Task instructions:
Pictures stay out of the copy. Retype exactly the lines below from the one with "Klassieke sport, jongen" through the one with "Épica en Chile".

Data listing:
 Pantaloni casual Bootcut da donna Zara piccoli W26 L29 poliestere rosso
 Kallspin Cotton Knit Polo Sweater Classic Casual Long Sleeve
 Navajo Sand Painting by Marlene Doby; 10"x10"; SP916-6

--

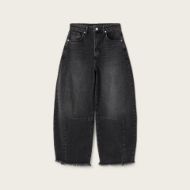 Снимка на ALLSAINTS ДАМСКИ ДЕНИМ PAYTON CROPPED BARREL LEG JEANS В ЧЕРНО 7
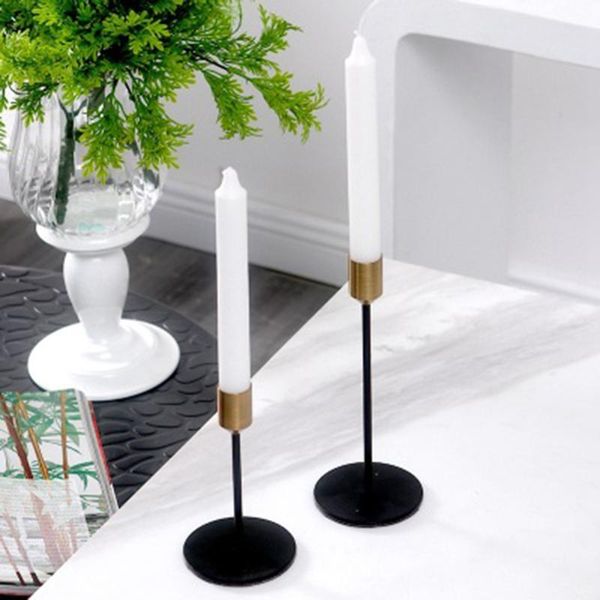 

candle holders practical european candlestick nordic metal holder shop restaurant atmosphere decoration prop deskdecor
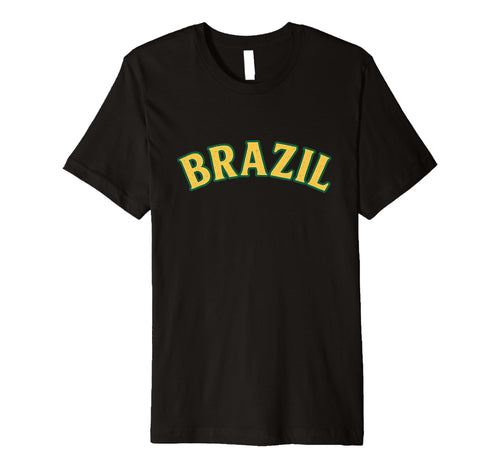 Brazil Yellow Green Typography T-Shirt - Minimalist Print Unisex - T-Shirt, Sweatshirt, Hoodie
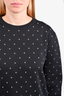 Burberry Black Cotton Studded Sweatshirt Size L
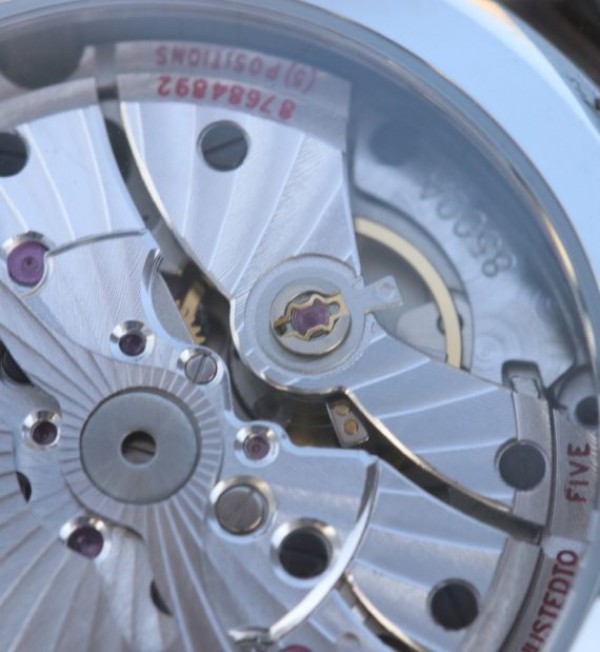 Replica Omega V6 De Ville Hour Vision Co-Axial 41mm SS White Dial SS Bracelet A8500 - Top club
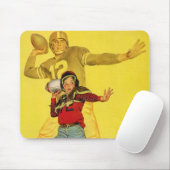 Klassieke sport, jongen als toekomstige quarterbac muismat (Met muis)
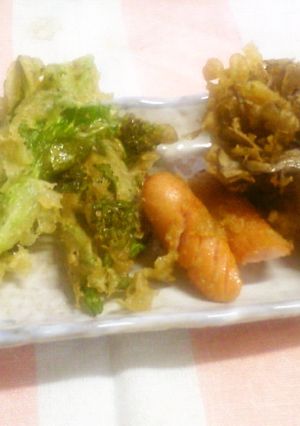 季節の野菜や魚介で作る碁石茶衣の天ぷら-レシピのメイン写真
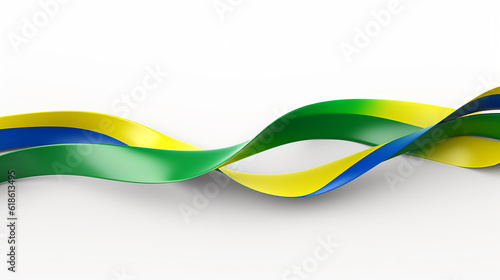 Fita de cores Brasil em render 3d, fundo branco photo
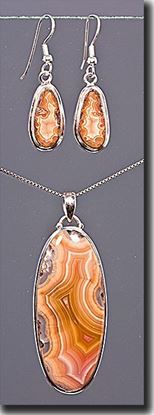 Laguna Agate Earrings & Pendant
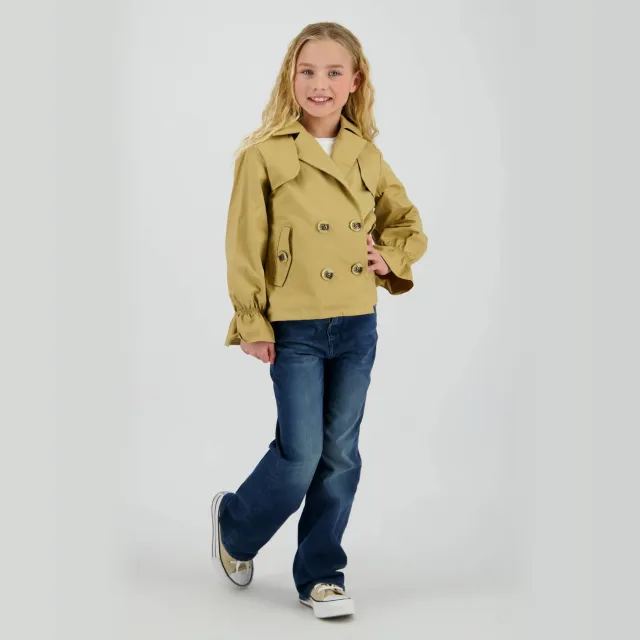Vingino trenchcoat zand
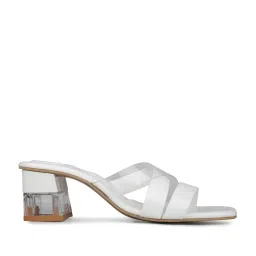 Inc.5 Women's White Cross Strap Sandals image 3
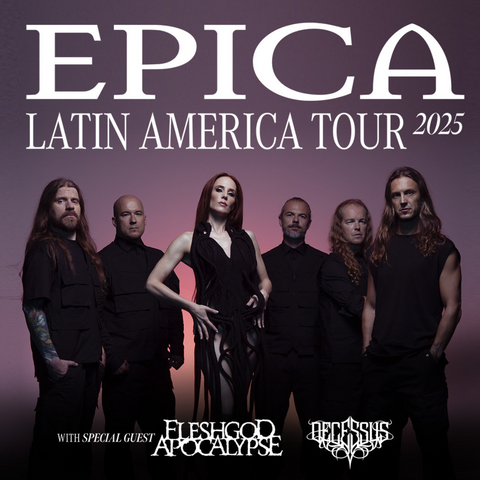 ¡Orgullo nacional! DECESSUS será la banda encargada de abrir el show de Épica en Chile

Response to this exercise:
 Klassieke sport, jongen als toekomstige quarterbac muismat (Met muis)
 季節の野菜や魚介で作る碁石茶衣の天ぷら-レシピのメイン写真
 Fita de cores Brasil em render 3d, fundo branco photo
 Laguna Agate Earrings & Pendant
Vingino trenchcoat zand
 Inc.5 Women's White Cross Strap Sandals image 3
 ¡Orgullo nacional! DECESSUS será la banda encargada de abrir el show de Épica en Chile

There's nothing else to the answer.